Economically Spain underdeveloped. Some industry and hence liberal nationalist middle class in Barcelona (cotton) and Basque country (iron and steel). Agricultural smallholdings in centre and north, medium farms Catalonia, large estates in Castile, Extremadura, Analusia, with 75% population landless labourers or sharecroppers. World Depression from 1929 causes crisis in agriculture, heightened by 1935 drought and 1936 storms destroying new crops. Unemployment and radicalization of industrial workers.

Alongside this was a growing political crisis in Spain. Politically loss of colonies (Cuba) in Spanish-American War 1898 and Morocco (1921) heightened nationalism and search for scapegoats (democratic government). 1923 military dictatorship of Primo de Rivera, leading to reconquest of Morocco. Politicization of army esp victorious forces in Morocco. 1930 death of Primo de Rivera, elections and abdication of King Alfonso, blamed for dictatorship: republic declared, to widespread celebration on centre and left of politics.  1931 elections bring left wing coalition, attempts land reform and alienates landowners and leaves labourers dissatisfied; 1933 elections bring conservative government, puts down 1934 strike of coal miners in Asturias. Turn of Stalin and Comintern to alliances with socialists brings Popular Front election victory February 1936. Landowners fear expropriation: anti-clerical laws alienate the church; army reform with 8,000 officers forced into retirement offends army; concessions to Catalan autonomy appear to the right as thin end of wedge. July 1936 army uprising, begun in Morocco; fails to take over more than part of the country; some units stay loyal; civil war begins.

The Republican Forces
In Valencia and Catalonia industrial and landless labourers supported the POUM, Workers’ Party of Marxist Unification, a Trotskyite splinter-group from the Communists that quickly got more support than the Communists themselves.

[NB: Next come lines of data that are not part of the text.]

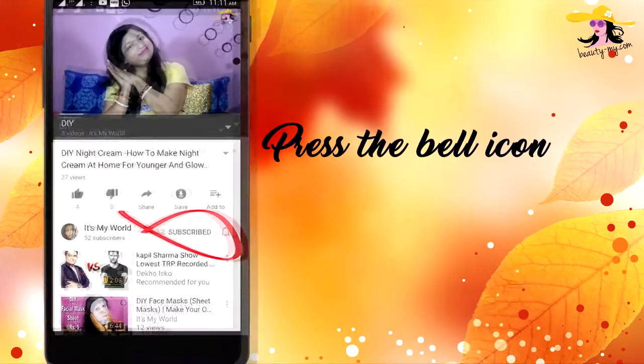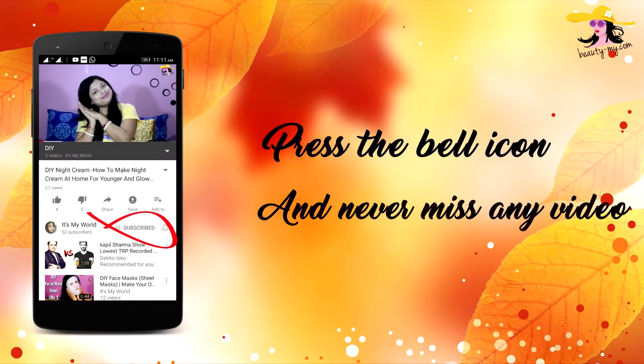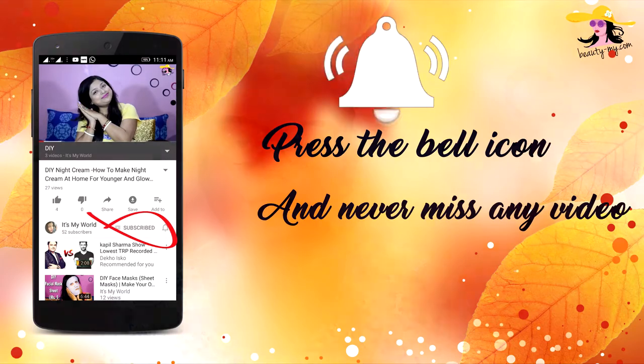Press the bell icon on your YouTube app and never miss any of my videos. As we all know, the wedding season is here and we have to travel to another city. When we are traveling, it's quite impossible to carry our big eyeshadows and all that. So for those seasons, we need something compact yet very useful and helpful for our eye makeup.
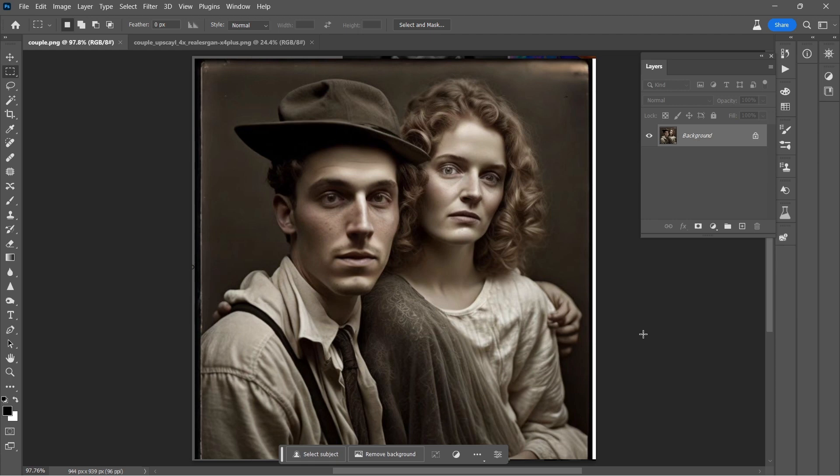Hey there, it's Aaron. In this video, I'm going to do some restoration on the image that is here on our screen. I think it's a very interesting image. I love the expressions on their faces, and I think that it can tell a story if you want it to.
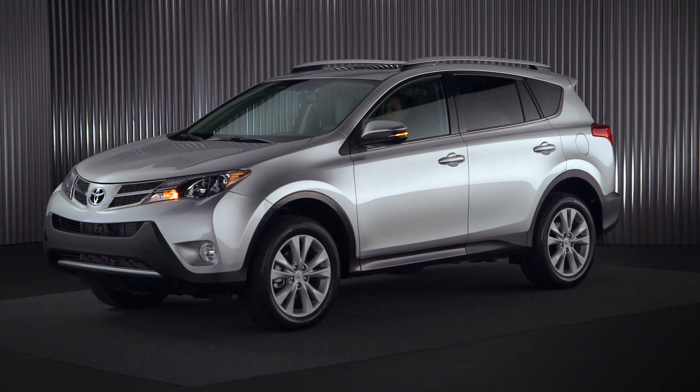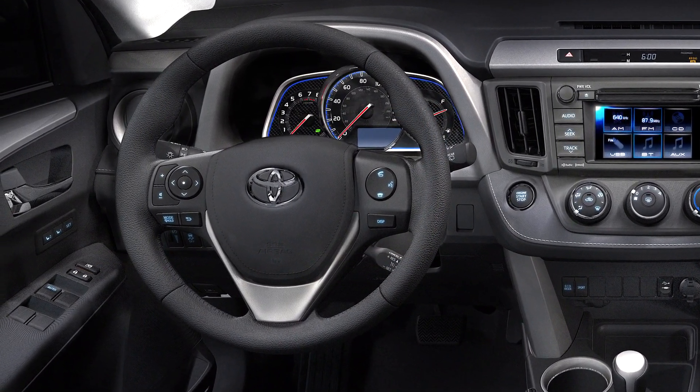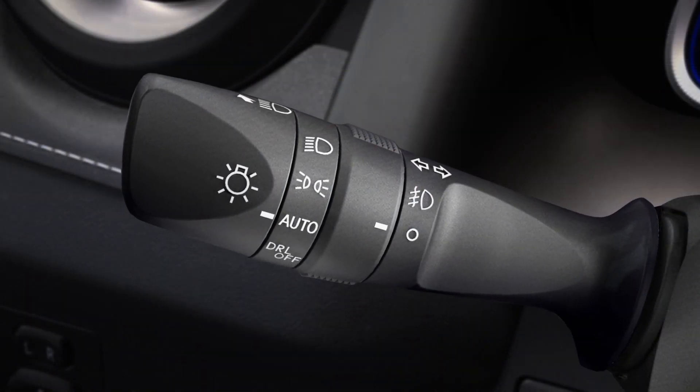Toyota has added a new feature to the turn indicators to make them more convenient: one touch, three blink turn signals. To signal a lane change, lightly lift up or press down on the turn signal stalk. Notice that when you release it, the stalk returns to the center.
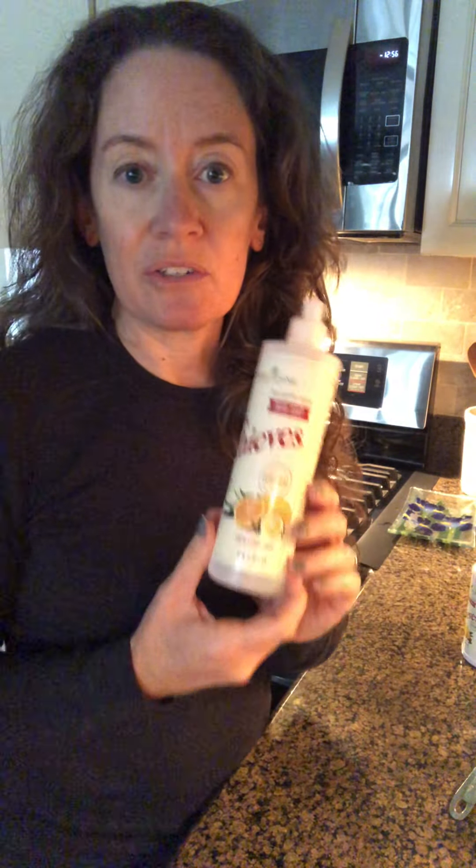Thieves dish soap is free from toxic dyes, phosphates, and synthetic perfumes. It has naturally derived grease-cutting ingredients, zero harsh chemical residues, and is gentle on hands — all plant-based goodness. Now, you can use it straight out of the bottle, but something to note when using more natural dish soaps: they are not going to be as foamy and bubbly as you're used to. Our brains have been trained that lots of bubbles equals clean, but what makes those big bubbles is something toxic. My hack not only makes it last longer but naturally adds some of that bubbling action without being toxic.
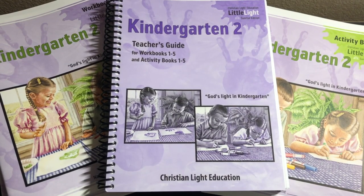Hey friends, it's Natasha and today I wanted to show you Kindergarten 2 from Christian Light Education. This is a plain curriculum designed for kids ages 5 to 6 years old.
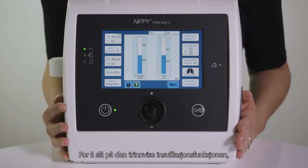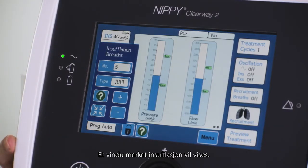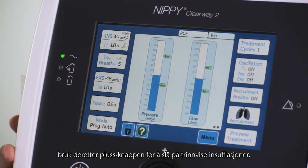To switch on the stepped insufflation feature, press the ins breaths button on the screen. A window labeled insufflation breaths will appear. Press the type button in the window, then use the plus button to switch on stepped insufflations.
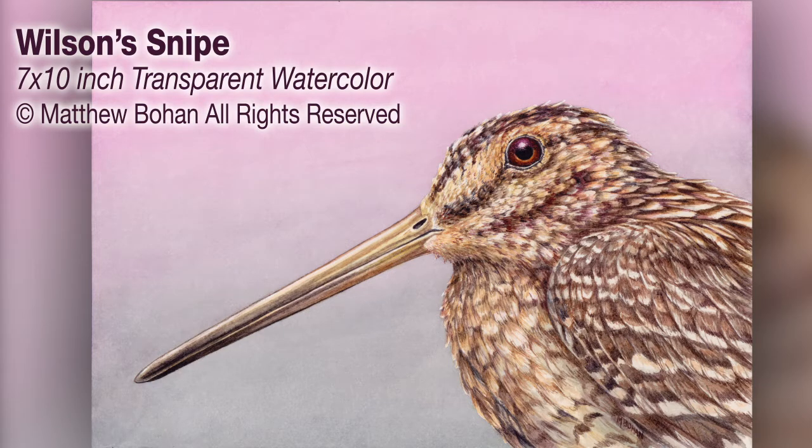Hey, it's Matt! I've got a painting of a Wilson snipe this time. These guys are fantastic little birds and fun to see.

Much more important was the CNT, a syndicalist trade union with industrial worker support especially in Barcelona, and its political wing the FAI, which had a lot of support among rural labourers and small farmers, especially in Andalusia. In effect these were anarchists, who believed in the destruction of the state by means of the general strike. In the countryside villagers believed this could be done locally, by throwing off the shackles of the local police, the local landowner and the local priest, after which peasant communities would live a simple life without exploitation or interference from outside. The anarchists saw the outbreak of the Civil War as the long awaited signal for a social revolution; in many villages landlords, priests and government officials were murdered, and churches and estate-owners houses burned in a wave of violence that caused fear and revulsion on the side of the conservatives and drove many of them into the arms of the military rebels. Altogether 7,000 priests and monks were killed, part of a total of 55,000 civilians massacred in this initial stage of the war. Some anarchist collectives abolished money and pooled property. But many small farmers and small businessmen were alienated by the violence. Anarchists were by definition averse to military organization and discipline, and their enthusiasm for the republican cause as the only way to maintain and push on the social revolution was not matched by their contribution to its military effort.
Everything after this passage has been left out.